EXERCISE OBJECTIVE → The lines from the one with "Set, 12 pc." through the last line of the material below, copied exactly and free of pictures, make up the whole answer.

--- START ---

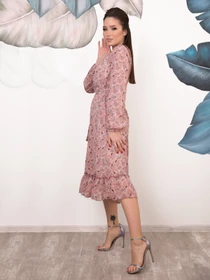 Сукні ISSA Plus модель 12534_pink Фото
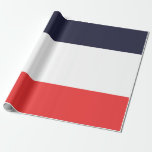 Blue White & Red Stripes Striped Party Wrapping Paper<br><div class="desc">wrapping paper</div>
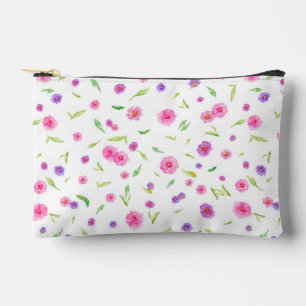 Pochette À Accessoires Cadeau de poche d'accessoires en aquarelle florale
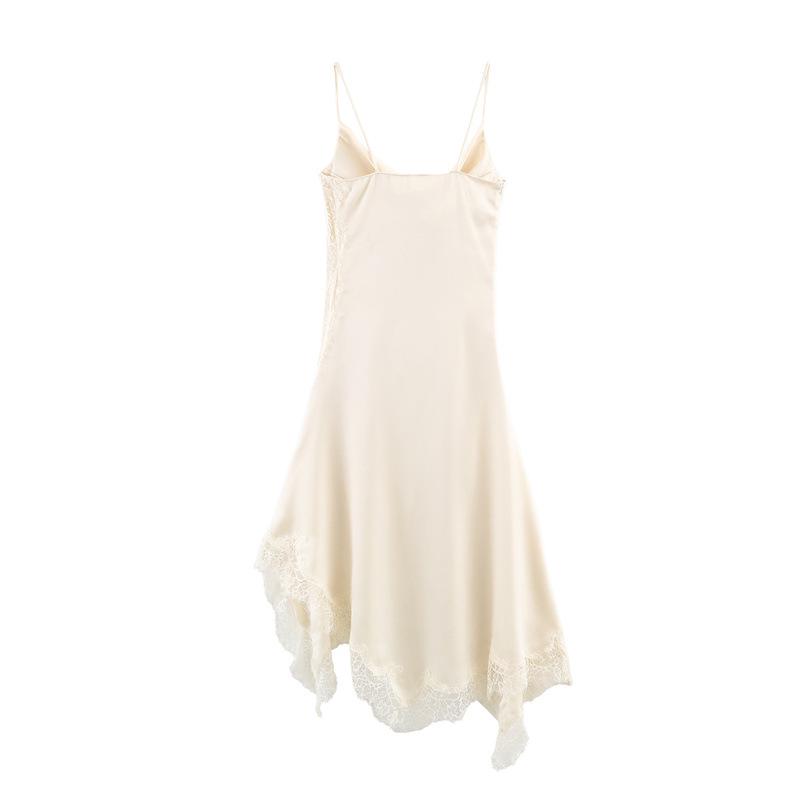 Winter 2025 European & American Style Sexy Silk Satin Dress for Women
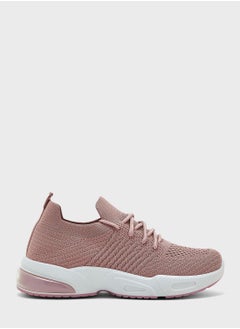 Buy Textured Knit Lace Up Comfort Shoe in Saudi Arabia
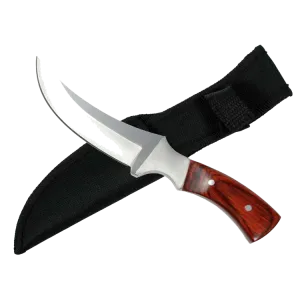 4" Full Tang Wood Handle Hunting Knife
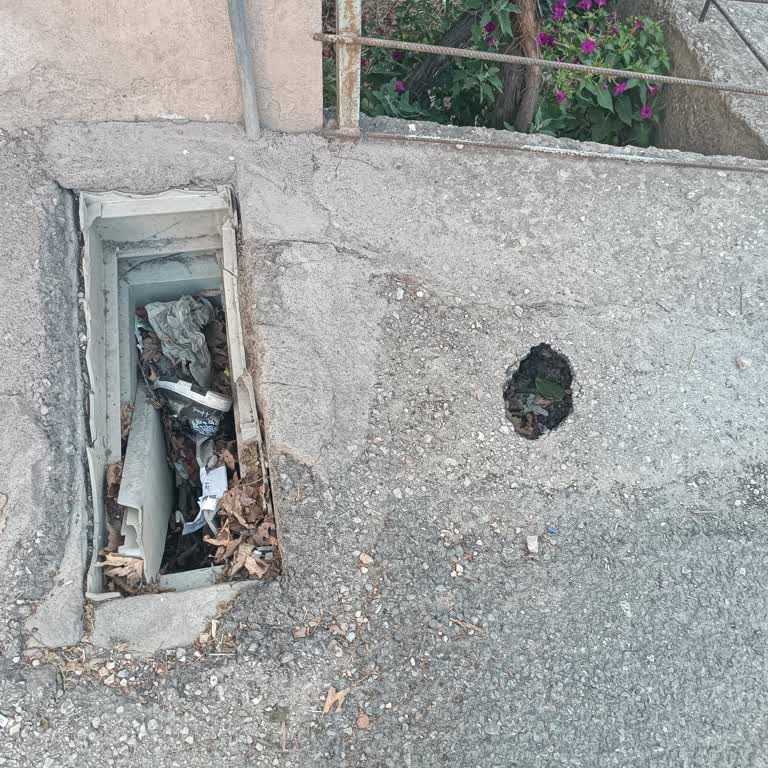 Yaya Çocukları Ve Yaşlılar İçin Tehlike: Boş Çukur Ve Fare Sorunu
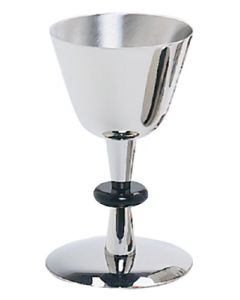 Stainless Steel Communion Chalice with Black Node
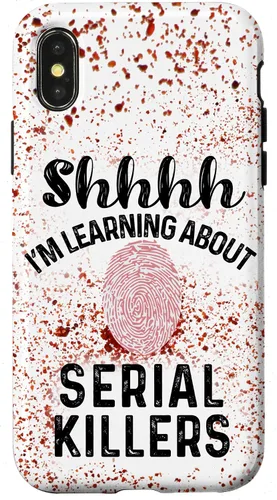 Vista 5 de True Crime Podcast Serial Killer Documentary Murder Podcast Case for iPhone 17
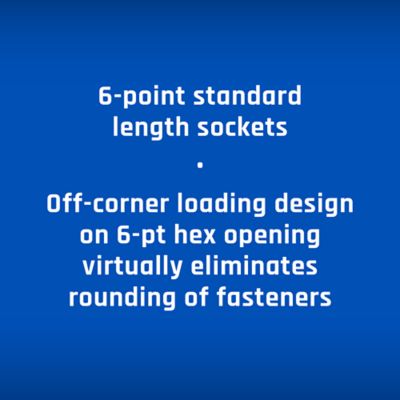 Image showing  1/4 in. Drive Metric Shallow Socket Set, 12 pc.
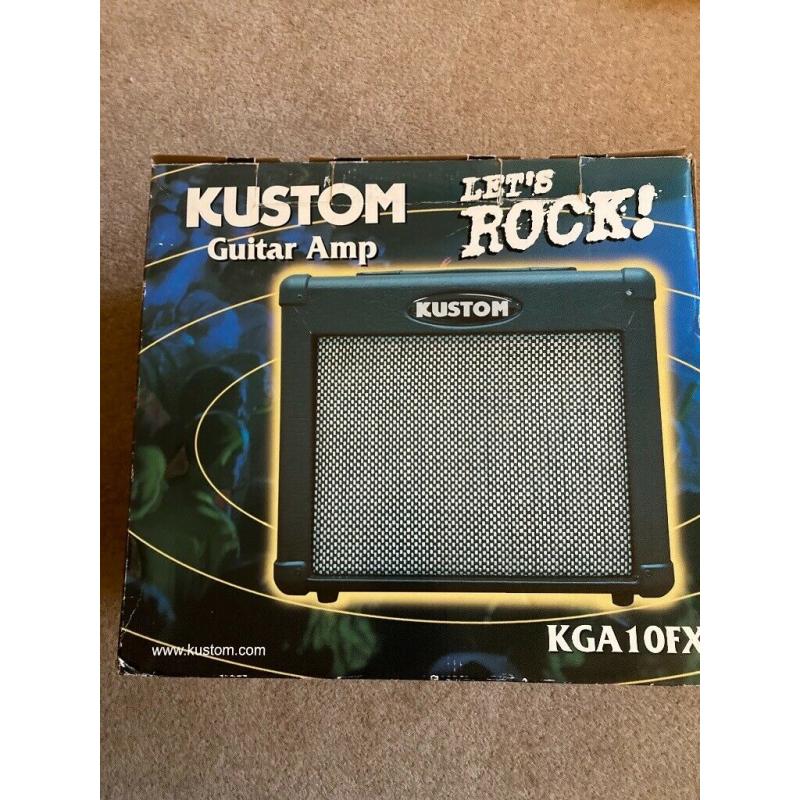 Kustom amplifier KGA10FX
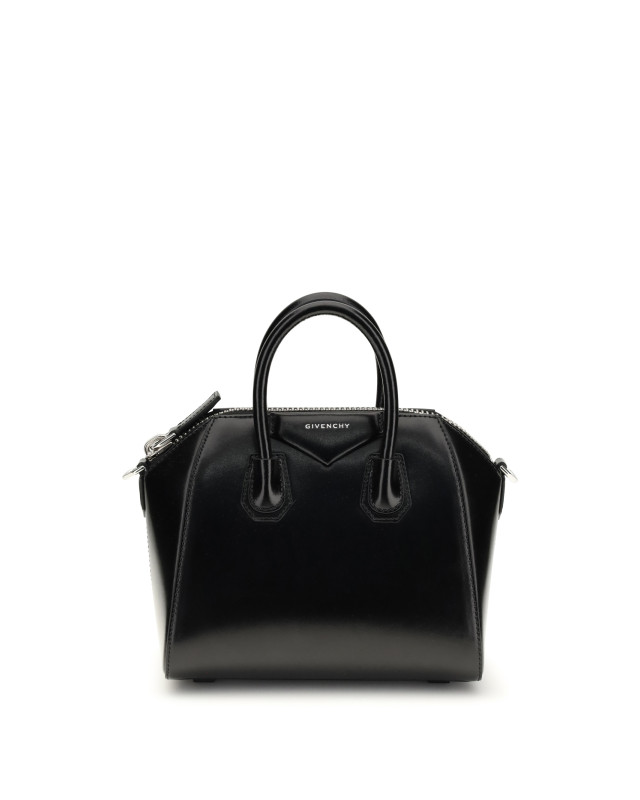 Box leather Antigona mini Handbag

--- END ---

THE ANSWER →
 Image showing  1/4 in. Drive Metric Shallow Socket Set, 12 pc.
 Kustom amplifier KGA10FX
 Box leather Antigona mini Handbag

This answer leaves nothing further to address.